Couples performed either the foxtrot or the paso doble. Couples are listed in the order they performed.

| Couple | Scores | Dance | Music | Result |
|---|---|---|---|---|
| Tamara & Carmelo | 24 (8, 8, 8) | Paso doble | "España cañí" — from Shall We Dance? | Safe |
| Jo Beth & Dannial | 21 (7, 7, 7) | Foxtrot | "Sweet About Me" — Gabriella Cilmi | Safe |
| George & Luda | 14 (5, 5, 4) | Paso doble | "Walk This Way" — Aerosmith | Safe |
| Melinda & Serghei | 18 (6, 6, 6) | Paso doble | "Don't Let Me Be Misunderstood" — The Animals | Bottom two |
| Alex & Arsen | 21 (6, 7, 8) | Foxtrot | "Pictures Of You" — The Last Goodnight | Safe |
| David & Liza | 15 (5, 5, 5) | Foxtrot | "I've Got You Under My Skin" — Frank Sinatra | Safe |
| Rachael & Michael | 23 (7, 8, 8) | Paso doble | "Would I Lie To You?" — The Eurythmics | Safe |
| Blair & Jessica | 16 (6, 5, 5) | Paso doble | "Are You Gonna Go My Way" — Lenny Kravitz | Eliminated |
| Rob & Alana | 21 (7, 7, 7) | Foxtrot | "Big Spender" — Shirley Bassey | Safe |
| Esther & Brendon | 24 (9, 7, 8) | Paso doble | "Paparazzi" — Lady Gaga | Safe |

=== Week 4 ===
Week 4: Esther and Brendon took solo first place with 26/30 for their quickstep, making it the first time Tamara and Carmelo had not been the highest scoring couple.
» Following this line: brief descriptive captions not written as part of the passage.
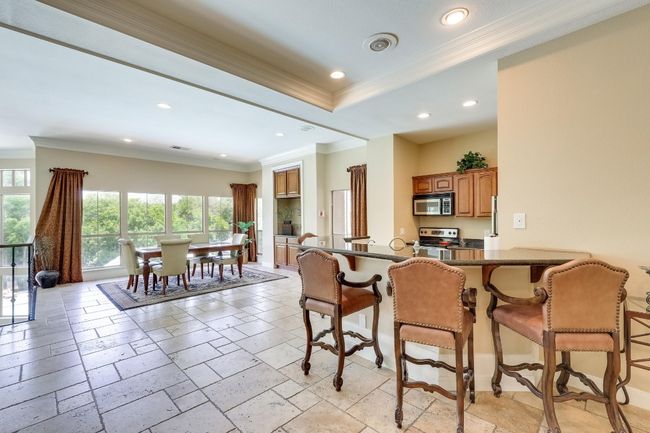 Dining area with crown molding, healthy amount of natural light, recessed lighting, and stone tile floors | Image 30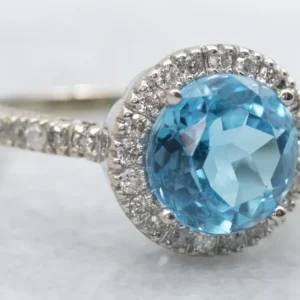 Modern White Gold Blue Topaz and Diamond Halo Ring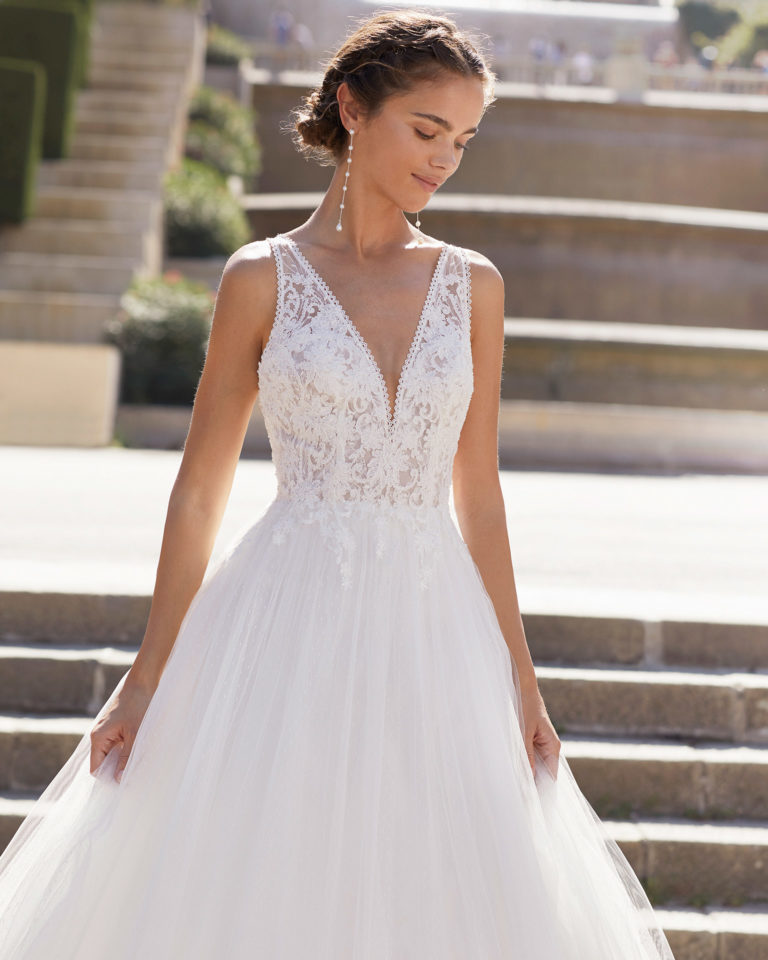 Romantic-style wedding dress in dot tulle and beaded lace. V-neckline and low back with crossover shoulder straps. 2021  Collection.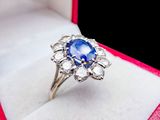 a blue sapphire and diamond ring in a white box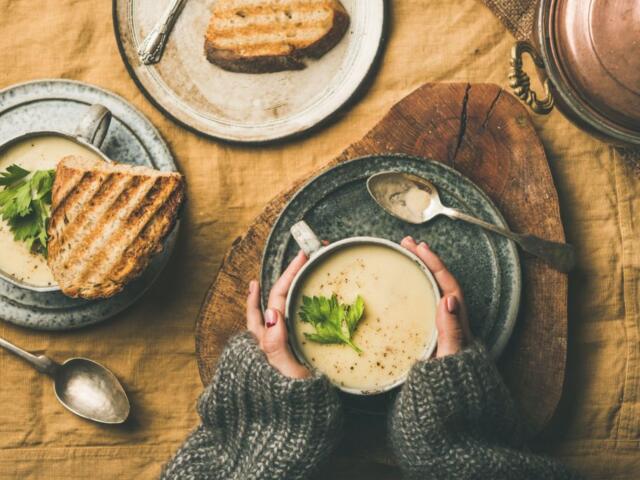 A person in a gray sweater holding a bowl of creamy soup garnished with parsley at a rustic table, with bread nearby.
Every couple with the exception of David and Liza, Jo Beth and Dannial and Tamara and Carmelo received their highest scores in the competition. Jo Beth and Dannial and Tamara and Carmelo were both in the bottom two for the first time. Jo Beth had the lowest score for her rumba and was eliminated.

Couples performed either the quickstep or the rumba. Couples are listed in the order they performed.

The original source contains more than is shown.